__Title:__ Lab 1: Visualization and Data Preprocessing  
__Authors:__ Butler, Derner, Holmes  
__Date:__ 1/22/23 

## Ruberic

|Category | Points | Description |
| --- | --- | --- |
| Business Understanding | 10 | Describe the purpose of the data set you selected (i.e., why was this data collected in the first place?). Describe how you would define and measure the outcomes from the dataset. That is, why is this data important and how do you know if you have mined useful knowledge from the dataset? How would you measure the effectiveness of a good prediction algorithm?
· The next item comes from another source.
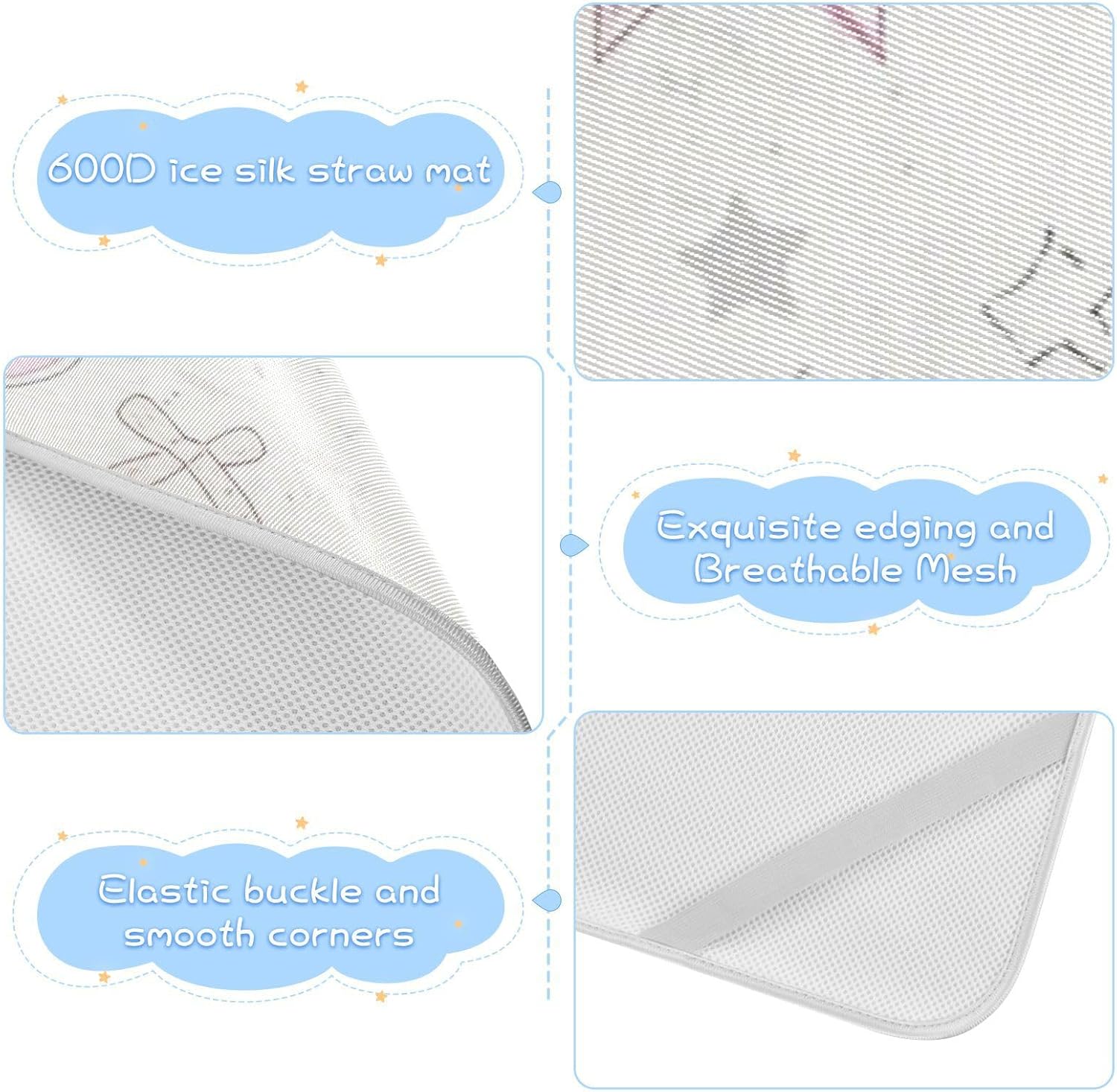 Cuturquoise Butterfly Bow Cooling Baby Mattress pad 28" x 52" Ultra Soft Pads for Bed for Baby&Toddler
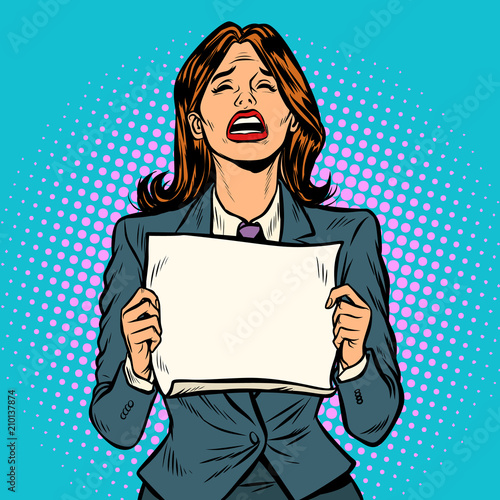 woman crying blank Board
Be specific.
| Data Meaning Type | 10 | Describe the meaning and type of data (scale, values, etc.) for each attribute in the data file.
| Data Quality | 15 | Verify data quality: Explain any missing values, duplicate data, and outliers. Are those mistakes? How do you deal with these problems? Give justifications for your methods.
| Simple Statistics | 10 | Visualize appropriate statistics (e.g., range, mode, mean, median, variance, counts) for a subset of attributes. Describe anything meaningful you found from this or if you found something potentially interesting. Note: You can also use data from other sources for comparison. Explain why the statistics run are meaningful. 
| Visualize Attributes | 15 | Visualize the most interesting attributes (at least 5 attributes, your opinion on what is interesting). Important: Interpret the implications for each visualization. Explain for each attribute why the chosen visualization is appropriate.
| Explore Joint Attributes | 15 | Visualize relationships between attributes: Look at the attributes via scatter plots, correlation, cross-tabulation, group-wise averages, etc. as appropriate. Explain any interesting relationships.
| Explore Attributes and Class | 10 | Identify and explain interesting relationships between features and the class you are trying to predict (i.e., relationships with variables and the target classification).
| New Features | 5 | Are there other features that could be added to the data or created from existing features? Which ones?
| Exceptional Work | 10 | You have free reign to provide additional analyses. One idea: implement dimensionality reduction, then visualize and interpret the results.
| Total	| 100


In [3]:
#import libraries
import pandas as pd
import matplotlib.pyplot as plt
import numpy as np

#import data
file_load = "data/Combined_Flights_2022.csv"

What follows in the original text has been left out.